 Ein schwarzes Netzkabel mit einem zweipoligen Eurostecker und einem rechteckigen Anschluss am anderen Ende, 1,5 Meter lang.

....

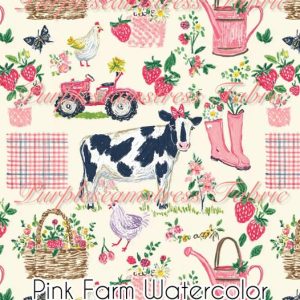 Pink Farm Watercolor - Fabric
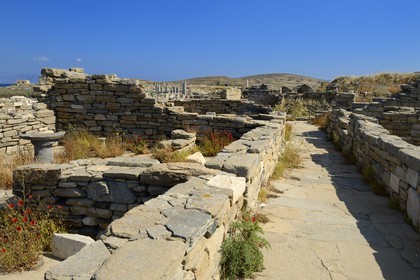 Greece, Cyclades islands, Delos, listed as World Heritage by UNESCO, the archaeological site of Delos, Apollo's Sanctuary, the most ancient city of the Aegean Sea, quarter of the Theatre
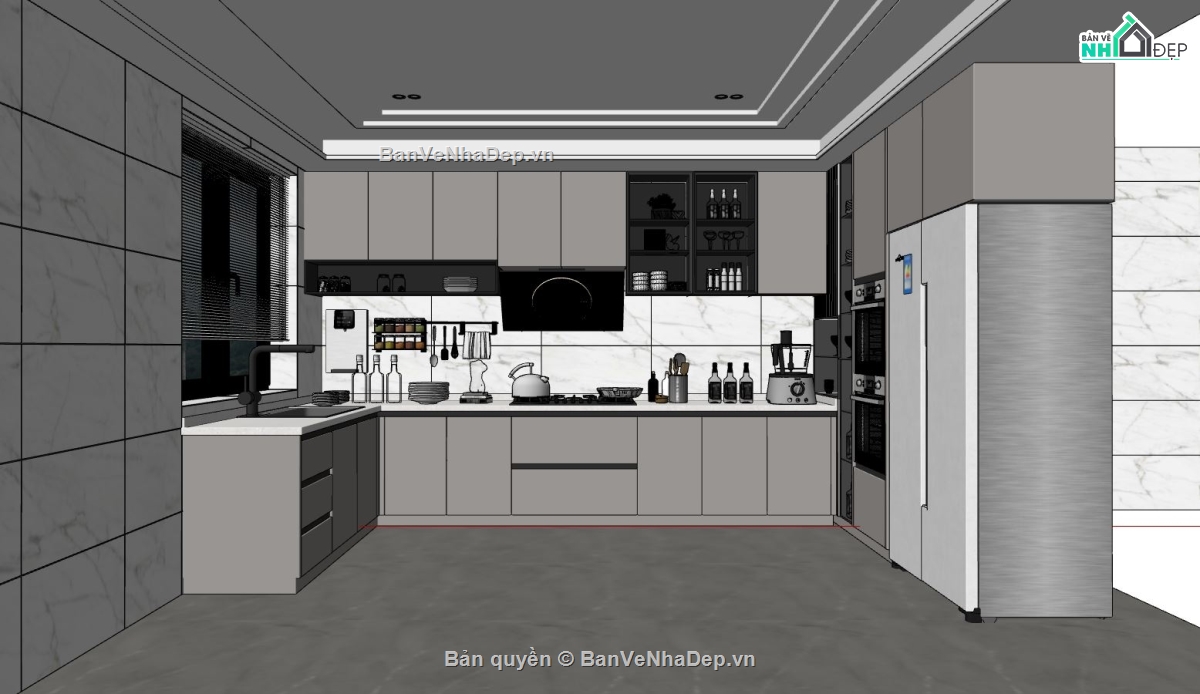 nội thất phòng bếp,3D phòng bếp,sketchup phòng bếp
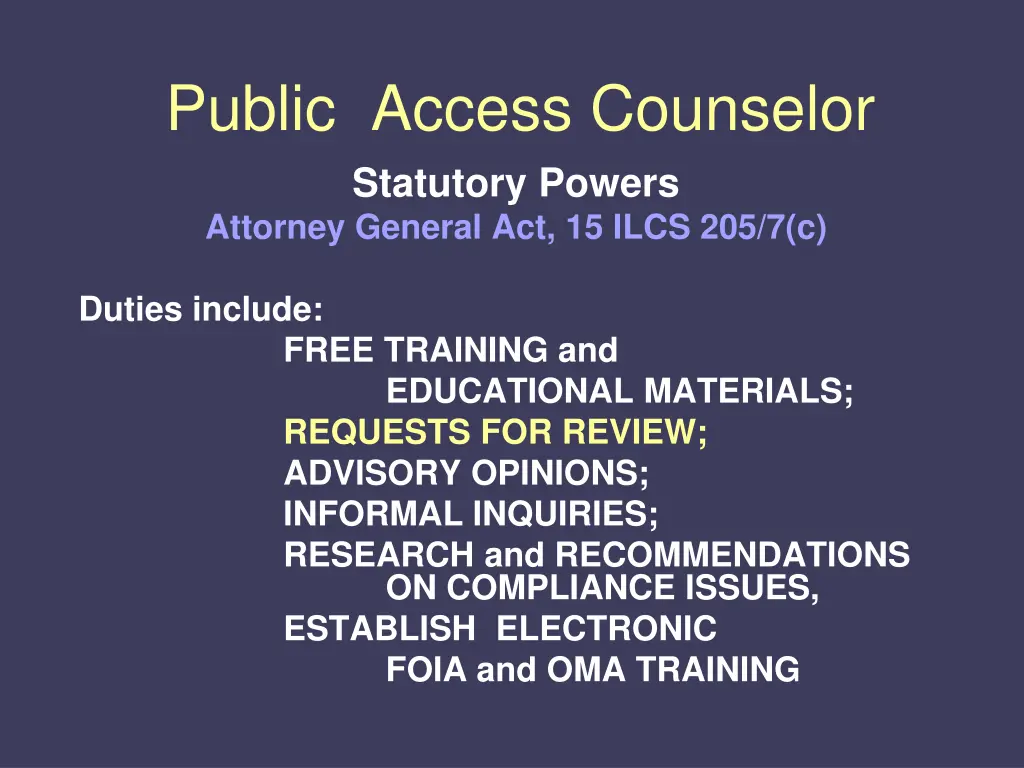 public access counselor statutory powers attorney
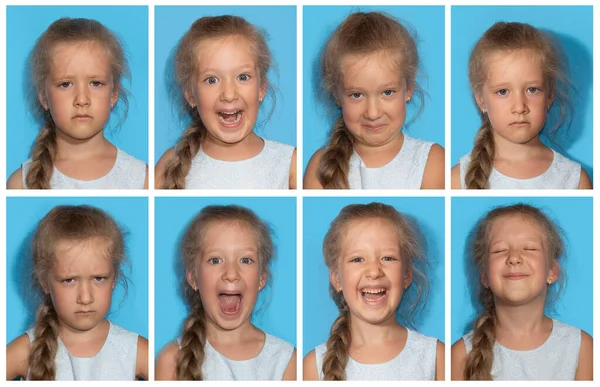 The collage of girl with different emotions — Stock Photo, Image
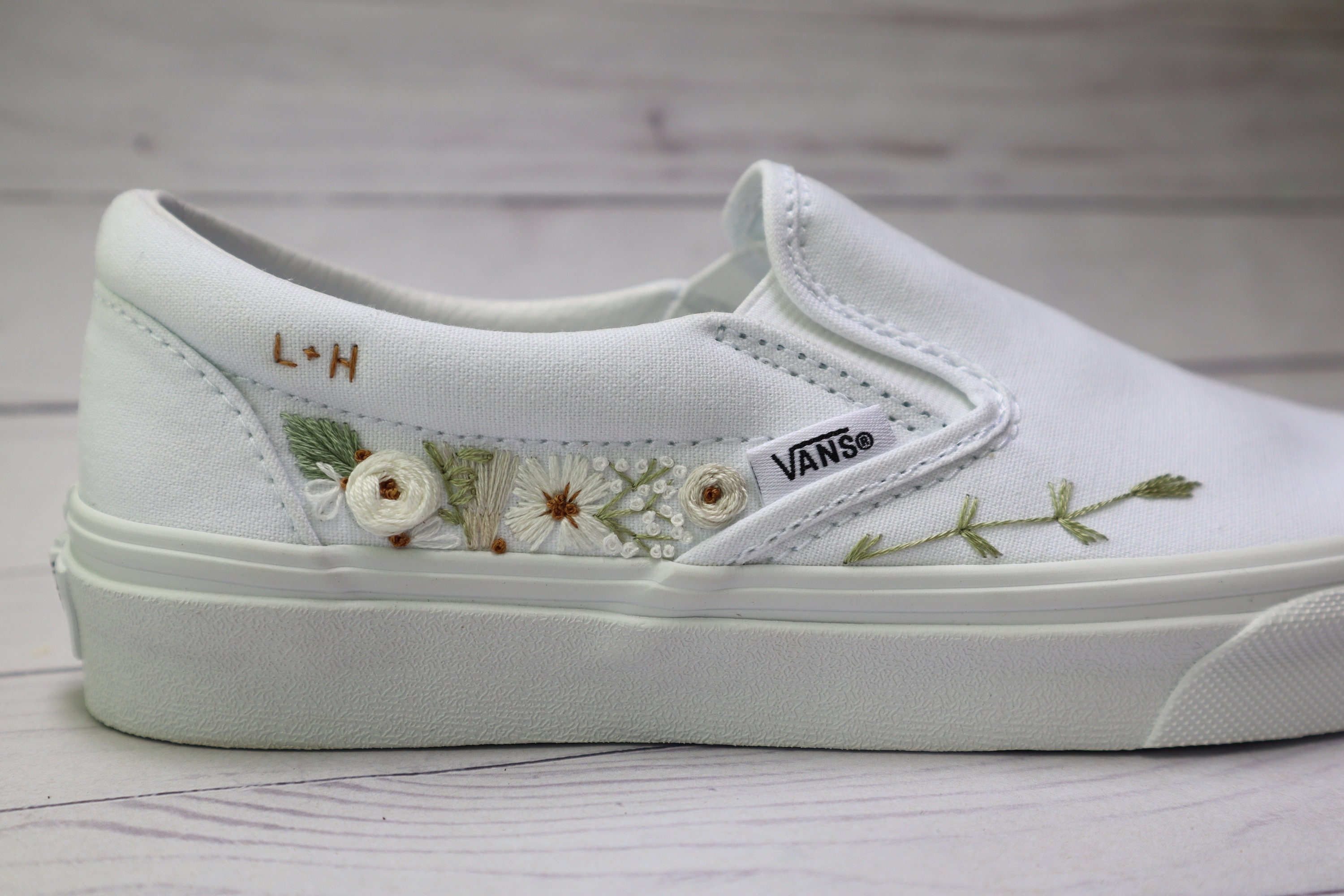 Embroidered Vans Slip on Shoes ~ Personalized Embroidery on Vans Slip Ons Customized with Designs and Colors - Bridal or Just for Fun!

....

*PROBLEM REQUIREMENTS:*
The copy should hold exactly the lines above from the one with "nội thất phòng" through the one with "Embroidered Vans Slip", both ends counted, and no pictures at all.

*OUTPUT FOR THIS TASK:*
 nội thất phòng bếp,3D phòng bếp,sketchup phòng bếp
 public access counselor statutory powers attorney
 The collage of girl with different emotions — Stock Photo, Image
 Embroidered Vans Slip on Shoes ~ Personalized Embroidery on Vans Slip Ons Customized with Designs and Colors - Bridal or Just for Fun!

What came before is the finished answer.